Make Drupal 8 Read-only

Elendev

Published in

Swissquote Tech Blog

11 min readDec 11, 2020

Those experiments were successfully done on Drupal 8.7.11 and are currently used on Drupal 8.9.

In this article I’ll explain how (and why) we’ve made our Drupal installation read-only.

Motivations

The first (reasonable) question is:

Probably a non-negligible part of the readers

I’ll first explain our current architecture and why we have to have a read-only Drupal.

Our website is hosted on multiple servers. The main server (aka “main”) is not available outside of our corporate network. Only some specific employees have access to the admin area, with limited rights. The other servers are used as “front”: they are publicly available and provide our website to the Internet, but the whole administrator area is not accessible.

The legacy architecture we inherited when we started working on the website had no primary/replica feature in place. Every time a modification was done on the main, we had to clone the database to all the fronts through a deployment. It was cumbersome, many people were involved, both on our team and in the IT department. For those reasons, we usually made a deployment only once a week, which was far from sufficient for the editors.

The reason behind it is simple: if a front is attacked and corrupted, the main is safe.

When we asked to have a real primary/replica solution, we had to keep the same constraint: the information can only go from the main to the front, but not the other way around. Since it’s not possible to have a primary/replica if the replicas are modified (which is the case with Drupal), we had to make the fronts read-only.

In fact, having read-only fronts makes sense security-wise: it’s harder to hack a website when it’s not possible to write into its database. By not being able to write into the database, a whole lot of attack vector becomes harder to execute or even impossible (privilege escalation, database corruption, …). Furthermore, defacing existing pages (except by replacing assets) and insert malicious code into it (typically for XSS) requires to edit the cache directly.

Editing the cache directly is not really lasting since it’s regularly cleared and can be easily purged by hand when the defacing is visible. Without mentioning that editing the cache directly requires either a really specific vulnerability or direct access to the server.

Last, but not least: since the fronts are simple copies of the main, the moment a front is corrupted it’s possible to remove it and replace it with a new instance. The main being protected from direct access, we can consider it safe and create new fronts from it whenever we need to.

But how?

That’s the whole point of this article: making Drupal read-only is everything but simple or straightforward.

Me, trying to explain how to make Drupal read-only

Drupal loves its database. Almost everything we can think of is stored in it. Drupal loves to cache stuff too (render cache, entity cache, container cache, and so on).
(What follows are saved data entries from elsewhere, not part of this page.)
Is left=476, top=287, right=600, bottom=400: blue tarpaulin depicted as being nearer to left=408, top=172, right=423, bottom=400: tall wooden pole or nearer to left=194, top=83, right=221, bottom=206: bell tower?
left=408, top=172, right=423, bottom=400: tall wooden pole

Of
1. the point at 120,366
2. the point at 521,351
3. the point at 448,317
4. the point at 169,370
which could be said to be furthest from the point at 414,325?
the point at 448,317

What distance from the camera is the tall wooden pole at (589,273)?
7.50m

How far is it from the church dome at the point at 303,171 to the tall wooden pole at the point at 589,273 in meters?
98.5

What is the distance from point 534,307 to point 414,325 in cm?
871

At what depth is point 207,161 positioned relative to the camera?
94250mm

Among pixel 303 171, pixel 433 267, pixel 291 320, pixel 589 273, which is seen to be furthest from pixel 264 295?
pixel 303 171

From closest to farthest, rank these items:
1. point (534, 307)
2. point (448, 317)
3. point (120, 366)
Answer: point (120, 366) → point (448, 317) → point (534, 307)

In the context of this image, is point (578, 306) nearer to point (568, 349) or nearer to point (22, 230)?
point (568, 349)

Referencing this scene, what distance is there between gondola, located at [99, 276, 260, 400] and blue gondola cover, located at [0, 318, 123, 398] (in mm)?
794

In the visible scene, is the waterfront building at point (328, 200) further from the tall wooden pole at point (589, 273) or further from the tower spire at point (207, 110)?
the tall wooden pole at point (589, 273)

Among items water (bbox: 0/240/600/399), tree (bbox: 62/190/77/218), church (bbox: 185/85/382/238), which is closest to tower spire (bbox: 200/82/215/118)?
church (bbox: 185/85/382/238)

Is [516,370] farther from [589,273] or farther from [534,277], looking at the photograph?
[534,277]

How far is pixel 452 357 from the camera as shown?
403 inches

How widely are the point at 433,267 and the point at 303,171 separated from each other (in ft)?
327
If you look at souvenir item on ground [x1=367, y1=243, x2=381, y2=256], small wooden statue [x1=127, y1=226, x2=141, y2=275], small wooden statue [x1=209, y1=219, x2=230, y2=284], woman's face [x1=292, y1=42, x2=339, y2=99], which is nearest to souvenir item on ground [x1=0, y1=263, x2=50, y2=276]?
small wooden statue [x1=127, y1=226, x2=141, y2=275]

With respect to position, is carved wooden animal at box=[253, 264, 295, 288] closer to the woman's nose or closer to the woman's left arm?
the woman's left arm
And some core modules loves to use non-cache tables as cache, too, (which is not convenient at all).

The cache is a natural thing that has to be generated dynamically when rendering a page. So are the logs. What is less common in databases are the semaphores, and what is usually not generated dynamically are some locale properties and some translations.
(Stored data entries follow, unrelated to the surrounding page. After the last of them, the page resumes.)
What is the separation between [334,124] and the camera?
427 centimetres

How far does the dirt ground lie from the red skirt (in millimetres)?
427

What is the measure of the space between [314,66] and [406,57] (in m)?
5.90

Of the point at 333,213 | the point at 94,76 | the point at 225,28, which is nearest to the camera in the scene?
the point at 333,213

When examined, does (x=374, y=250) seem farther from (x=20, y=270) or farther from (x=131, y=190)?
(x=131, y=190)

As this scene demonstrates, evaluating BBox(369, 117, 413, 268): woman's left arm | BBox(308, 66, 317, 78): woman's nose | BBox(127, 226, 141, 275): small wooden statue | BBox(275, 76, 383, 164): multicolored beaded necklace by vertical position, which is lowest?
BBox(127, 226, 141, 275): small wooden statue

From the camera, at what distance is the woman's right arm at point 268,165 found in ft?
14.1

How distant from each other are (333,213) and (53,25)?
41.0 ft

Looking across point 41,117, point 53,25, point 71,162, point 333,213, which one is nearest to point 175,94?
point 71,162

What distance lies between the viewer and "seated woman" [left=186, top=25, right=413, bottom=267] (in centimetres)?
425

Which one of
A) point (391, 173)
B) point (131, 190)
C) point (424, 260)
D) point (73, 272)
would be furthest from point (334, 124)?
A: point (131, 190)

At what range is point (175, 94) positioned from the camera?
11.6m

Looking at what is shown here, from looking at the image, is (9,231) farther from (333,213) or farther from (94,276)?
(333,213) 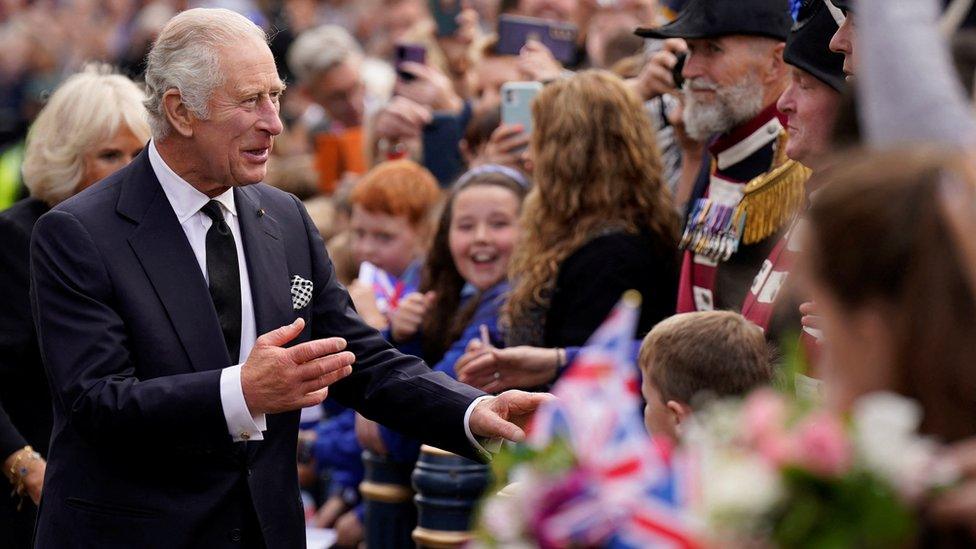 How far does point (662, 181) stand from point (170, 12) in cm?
1035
Drupal is definitely heavy machinery.

Move a lot of things out of the Database

The first things to address, the most obvious and the easiest ones, are the cache, the logs, and the semaphores.

Let’s start with the cache.

Use Redis to do caching

We’ve decided to use Redis as a locale cache for the read-only instances of Drupal since it still needs to store cache somewhere.

To install Redis, I recommend going straight to the README file of Drupal’s Redis module repository.

In our case, it’s really easy, Redis is installed locally.

// settings.php$settings['container_yamls'][] = 'modules/redis/example.services.yml';$settings['redis.connection']['host'] = 'redis';
$settings['redis.connection']['port'] = NULL;
$settings['cache']['default'] = 'cache.backend.redis';
// You can also use cache_prefix if you have a multi site website
$settings['cache_prefix'] = '<site name>_';

Now all the caches used by Drupal and the modules are (or should be) in Redis. Unfortunately, as I discovered, Drupal still tries to write the container into the database. So let’s address this.

Container outside the DB

After some research (mostly breakpoints to see where it crashes), I discovered that there is two bootstrap process into Drupal. The second one is the obvious one: the bootstrap of the whole application. But the first one, happening before it, is some kind of pre-bootstrap where Drupal has a light container in charge of building the whole cached container.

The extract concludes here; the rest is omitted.